Orang lain hanya kehilangan kartu kredit atau dompet. Rudy Ramli kehilangan bank! Sekaligus kehilangan istri---yang belakangan juga terlihat lebih sering dengan Djoko Tjandra.
 
Rudy awalnya tidak kenal Djoko Tjandra. Ia hanya tahu Djoko Tjandra itu pemilik grup Mulia -termasuk hotel Mulia di Senayan, gedung-gedung Mulia, dan pabrik keramik Mulia.

Ia tidak tahu kalau istrinya ternyata kenal Djoko Tjandra. Tahunya baru bulan Oktober 1998: sang istri memberi tahu Rudy Ramli bahwa ada orang mau bertemu suaminya itu. Namanya: Djoko Tjandra. Rudy tidak bertanya lebih jauh. Ia hanya mengatakan bahwa Djoko Tjandra mau bertemu dengannya.

Waktu itu Rudy dan istri lagi di Hong Kong. Ia lagi harus mencari banyak jalan agar grup usahanya selamat dari krisis. Terutama Bank Bali. Waktu itu Bank Bali sama sekali tidak kekurangan likuiditas. Bank Bali justru ingin meminjamkan uang ke antarbank. Dalam keadaan ekonomi sulit, tidak mudah menyalurkan kredit ke perusahaan.

Tapi Rudy Ramli juga ragu meminjamkan uang ke bank lain. Maka Rudy pun terus membeli sertifikat Bank Indonesia. Aman. Di Bank Indonesia uangnya akan terjamin. Begitu juga sikap bank lain yang kaya likuiditas. Sampai-sampai Bank Indonesia kewalahan. Uangnya terlalu banyak. Tidak sehat.

Rudy pun terus dihubungi Bank Indonesia: jangan taruh uang lagi di BI. Rudy disarankan agar menyalurkan uangnya ke pasar uang. Seorang pejabat tinggi BI memperlihatkan konsep keputusan BI ke Rudy Ramli. Bahwa uang yang disalurkan ke bank lain juga dijamin oleh BI.
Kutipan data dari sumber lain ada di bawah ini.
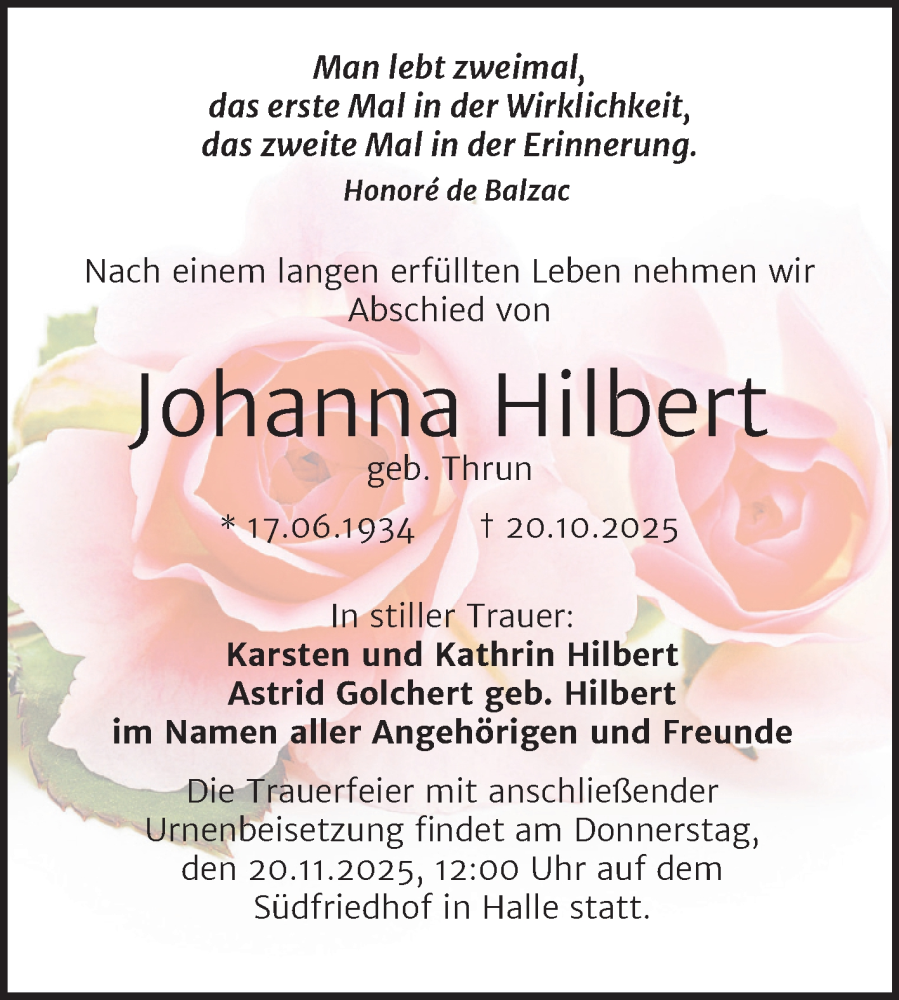  Traueranzeige für Johanna Hilbert vom 01.11.2025 aus Mitteldeutsche Zeitung Halle/Saalkreis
Maka Bank Bali pun kembali melayani pinjaman antarbank. Tapi kecukupan modal beda dengan likuiditas. Meski likuiditas kuat, modal masih harus diperkuat. Rudy Ramli memperkirakan ekonomi akan terus memburuk. Modal harus diperkuat. Penilaian untuk sebuah bank lebih pada kekuatan modalnya. Bukan hanya likuiditasnya.

Itu sudah masa lalu. Belakangan ini setiap kali saya bertemu Rudy Ramli setiap itu pula saya lihat kesehatannya kian prima. "Saya bersyukur diberi kesehatan yang baik," komentarnya. Tapi saya juga melihat Rudy Ramli kini percaya ilmu hitam. "Orang Barat pun mempraktikkan ilmu hitam," katanya. "Lihat itu Harry Potter," tambahnya.

Dan di saat kehilangan Bank Bali itu Rudy merasa lagi terkena ilmu hitam. "Luar biasa cara orang mengambil alih bank saya," ujar Rudy. Tapi saat mencari tambahan modal dulu pikirannya masih sangat sehat. Modal harus kuat. Waktu itu ia perlu uang Rp 1,4 triliun. Agar Bank Bali tetap kuat. Rudy pun mengangkat penasihat keuangan dari Amerika, JP Morgan. Untuk menggalang investor.

Dalam sekejap JP Morgan bisa mendapat 20 calon investor serius. Dari 25 investor yang disurati. Di antaranya adalah Standard Chartered, Citibank, ABN Amro, GE Capital, dan ANG.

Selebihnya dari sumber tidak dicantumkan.